ここでも、安倍政権は総裁選同様の「まやかし」の手口を使う。翁長知事の後継候補が決まらない中で、自民党は、既に佐喜真淳氏(さきま・あつし)宜野湾市長を候補とすることを決めている。その佐喜真氏は、最大の争点の一つである普天間飛行場返還に関しては「街のど真ん中にある飛行場を一日も早く返還することが必要だ。固定化はあってはならない」と述べたのにもかかわらず、その移設先としての名護市辺野古への新基地建設に関しては「(普天間飛行場の)移設先は後日しっかりとお答えしたい」と述べて、答えを先送りした。全くいい加減な話だが、これも都合の悪い争点について「議論を避ける」安倍政権の常とう手段だ。

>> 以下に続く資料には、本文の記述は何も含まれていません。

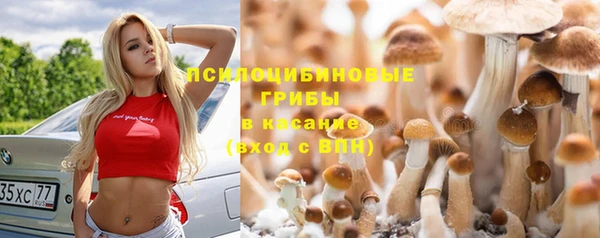 прущая мука Беломорск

一方、安倍政権の悪魔の政治手法「バラマキ」もこれからフル回転するだろう。翁長知事が亡くなって葬儀が終わったと思ったら、15日の日本経済新聞電子版には「自民党は15日、沖縄県知事選(9月13日告示―30日投開票)に向けた新たな沖縄振興策の検討を始めた」という小さな記事が出た。「自民党候補を勝たせれば、こんなご褒美が待ってるよ。もちろん、負けたらただじゃ置かないぞ」というメッセージだ。「バラマキ」はいつもその裏で「恫喝」がセットになっているのだ。
■来年の参議院選挙に向けた「バラマキ」も空前の規模
来年の参議院選挙に向けた「バラマキ」はものすごいものになりそうだ。来夏は参議院選挙のみならず憲法改正の国民投票まで行ってしまおうというのが安倍総理の頭にある政治日程だ。参議院選挙で大きく負ければ、総理の座も危なくなるということもあるが、何よりも、憲法改正の国民投票で負ければ、当分再度のチャレンジは難しくなる。その意味で、来夏に向けての経済対策は、従来の常識を超えたものになる可能性が高い。
もちろん、財務省は、野放図な歳出拡大には抵抗を試みるだろうが、公文書改ざん問題などもあり、安倍総理の恫喝に逆らえる官僚はいない。もしかすると、一切異論が出ずに安倍総理主導のバラマキが無制限に行われる可能性すらある。それでなくても、秋の臨時国会では、災害復興対策を理由にしたバラマキの議論が盛り上がるだろうし、防災対策と銘打てば、何でもまかり通るという事態になるだろう。最近の異常気象をはやし立てるテレビの報道などは、このムードをますます盛り上げることに大きく「貢献」している。まるで、政権に協力しているかの観さえある。